Findings from this study should be interpreted in light of several limitations. First, insufficient statistical power because of small sample sizes may have precluded detection of significant changes in HCV and syphilis incidence density rates over time. Second, although controlled for in multivariate modeling, differences in ethnicity, education, and income between the 2002–2004 and 2006–2008 cohorts suggested the possibility of selection bias that may have led to overestimation of the intervention’s true impact. Third, there was insufficient data about how intensely and consistently participants used harm reduction services throughout the postintervention study period. Moreover, low uptake of MMT and needle-exchange services may have led to an underestimation of the intervention’s true potential measure of effect. Fourth, temporal community-level changes in access to drugs, HIV knowledge or education, and illicit drug enforcement practices may also have impacted seroincidence rates before and after harm reduction interventions were introduced. Fifth, given that 17% of participants in the 2002–2004 cohort accessed MMT services in 2004, exposure misclassification bias in the 2002–2004 cohort may have attenuated the intervention’s true measure of effect for comparisons between the 2002–2004 and 2006–2008 cohorts. Sixth, exclusive reliance upon treponemal diagnostic tests may have biased the incidence and prevalence rates for syphilis. Individuals who recovered from historical treated syphilis would have likely tested positive for syphilis at baseline and therefore been inadvertently excluded from the syphilis incidence rate calculation. Assuming that rates of incident syphilis infection are higher among those who have been previously infected, this may have led to an underestimation of the true syphilis incidence rate. Also, baseline prevalence of syphilis infection may have been inflated because the treponemal tests administered at baseline screening did not distinguish between those with current untreated syphilis and those who recovered from historical treated syphilis.
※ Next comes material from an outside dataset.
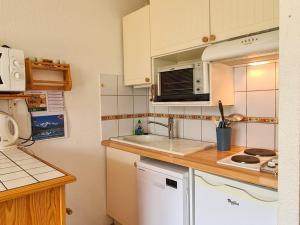 eine kleine Küche mit einer Spüle und einer Mikrowelle in der Unterkunft Studio Flaine, 1 pièce, 4 personnes - FR-1-425-154 in Flaine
In the absence of clinical examinations, the treponemal tests also may not have been able to detect early cases of primary syphilis. Finally, because reasons for loss to follow-up varied slightly between the 2002–2004 and 2006–2008 cohorts, incidence rate comparisons should be interpreted with caution.26,27
Data from this study demonstrate that harm reduction strategies may be an effective means of reducing the spread of certain blood-borne infectious diseases and STDs among high-risk IDUs in southwest China. However, most study participants were unaware of, unwilling to use, or unable to access current harm reduction services. Considering its wide geographic variability, China requires additional scientific data for understanding how harm reduction programs can be successfully implemented to reduce transmission of HIV, HCV, HBV, and syphilis. This study underscores the need for academic, government, and community organizations to urgently mobilize and address the serious public health issues related to IDUs in China.